Photo credit: Susie Barker
Photo credit: Susie Barker

He never asked about my scar. Until I pointed it out, he didn’t even notice it. Two months into our relationship, I had a cancer scare. But Mark was steadfast in his support. "Whatever happens, I’m sticking around," he said. "I’m falling in love."

In the middle of our first blissful summer together, I found out two of my cousins had also been diagnosed with breast cancer. I tried to convince myself it was just a horrible coincidence, but I learned that my father’s side of my family carries the BRCA1 gene.

Given my history, there was a 98% chance that I too had inherited this gene, which meant my chance of a new breast cancer developing was as high as 80%. I oscillated between denial and terror, obsessively checking my breasts for a new lump.

And I was angry that having made it eight years past my diagnosis, the threat of cancer once again loomed. I was offered a risk-reducing double mastectomy or annual MRI scans, which are the best way of picking up disease in younger BRCA carriers. Unable to yet face what I viewed as the brutality of a mastectomy, I chose the latter.

It wasn’t until December 2016 that I opted to have a mastectomy. I was tired of the claustrophobia-inducing MRI tunnel, tired of waiting for the results, fearful that this year my luck would run out. And I’d read a memoir by a glamorous New Yorker, a BRCA carrier who’d had the same surgery and was delighted with the results.

I recovered quickly from the surgery. My new breasts, with implants, looked great. They did have limited sensation, and while it was strange to touch a part of my body that was once so receptive and feel so little, with that also came the relief that this was now a much safer territory.

I was proud of my body and how beautifully it had healed. So I was surprised when, around four months after the surgery, I started to feel really low. Even though I now had my wonderful husband, I once again questioned what my future held.

For four years, we had been trying to conceive. Now in my mid-40s, I couldn’t shake the feeling that the door to motherhood was closing. Life, I felt, had let me down.

"I promise you’ll shine very brightly again, as you always do," Anat texted. For weeks, I re-read her words each morning, hoping that one day, soon, they would come true.

These dark nights of the soul, I can see now, are part of the natural order of life. Unpleasant, but an appropriate response to challenging circumstances. And they do pass. By spring 2018, the post-mastectomy lows had almost run their course.

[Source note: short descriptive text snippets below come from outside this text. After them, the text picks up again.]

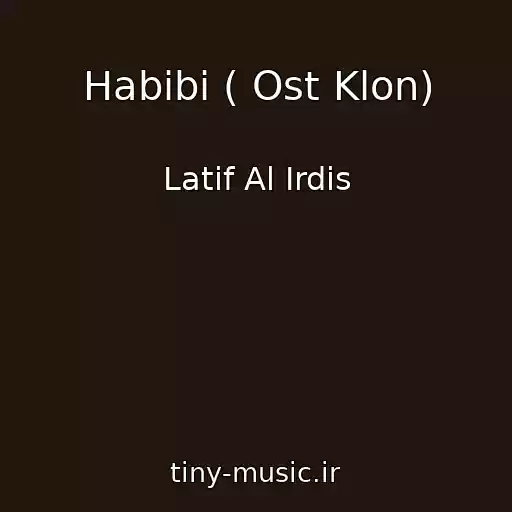 کاور آهنگ Habibi ( Ost Klon) از Latif Al Irdis
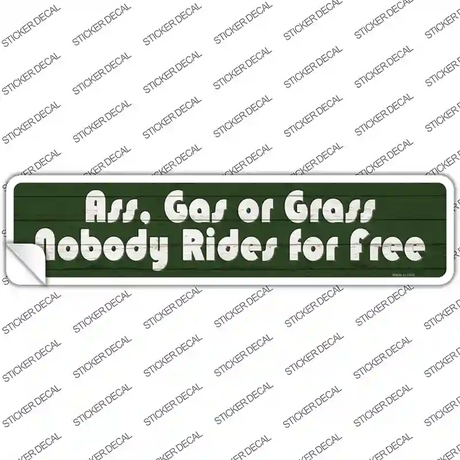 Ass Gas Or Grass Novelty Narrow Sticker Decal Small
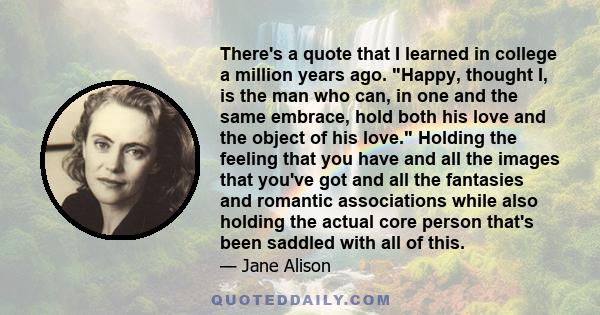 There's a quote that I learned in college a million years ago. Happy, thought I, is the man who can, in one and the same embrace, hold both his love and the object of his love. Holding the feeling that you have and all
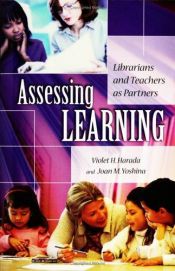 book cover of Assessing Learning: Librarians and Teachers as Partners by Joan M. Yoshina|Violet H. Harada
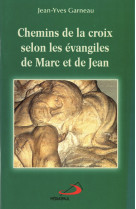 Chemins de la croix selon les evangiles de marc et de jean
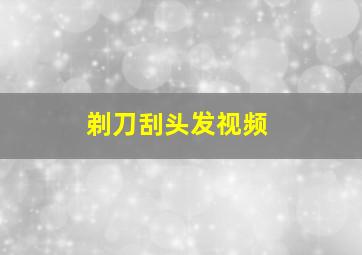 剃刀刮头发视频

And in the early hours of an April morning, as I watched a distinct blue cross form on a pregnancy test, the remnants of that time finally melted away. Eight months later, my son was born. As I stroked his tiny head, the love that rose up inside me was fierce.

Photo credit: Annabel Chown
Photo credit: Annabel Chown

Breastfeeding was off the cards, but there are upsides to motherhood post-cancer. "You’re so calm," a friend said when my now 21-month-old sobbed inconsolably as we left the swings. Over the years, I’ve learned to sit with my own sadness rather than push it away, and so I’m able to do the same for his.

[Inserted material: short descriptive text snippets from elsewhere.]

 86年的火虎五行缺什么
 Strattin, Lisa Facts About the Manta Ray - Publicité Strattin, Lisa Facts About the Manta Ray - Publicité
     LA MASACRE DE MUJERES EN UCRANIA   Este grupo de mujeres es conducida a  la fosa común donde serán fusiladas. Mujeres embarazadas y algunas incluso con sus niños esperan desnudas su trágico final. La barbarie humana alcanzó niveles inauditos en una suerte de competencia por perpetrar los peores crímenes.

These days, I rarely worry about my health. My risk of a new breast cancer is about 3%, compared with around 12% for most women. The risk of my original cancer returning as secondaries is now negligible.

All those things I expended so much energy worrying about, such as my cancer recurring, not meeting anyone, not becoming a mother, didn’t happen. And I never anticipated the bad ones that did, such as getting cancer in the first place, or being dumped by my first love. As my wise dad says, "Worrying about something doesn’t make it any better if it does actually happen."

When I last wrote for Red three years ago, I didn’t know where my story would go next. But what I’ve learned is that while change is always daunting, it’s also change that makes our lives so much richer and more interesting. And that richness can even come out of the changes we didn’t choose.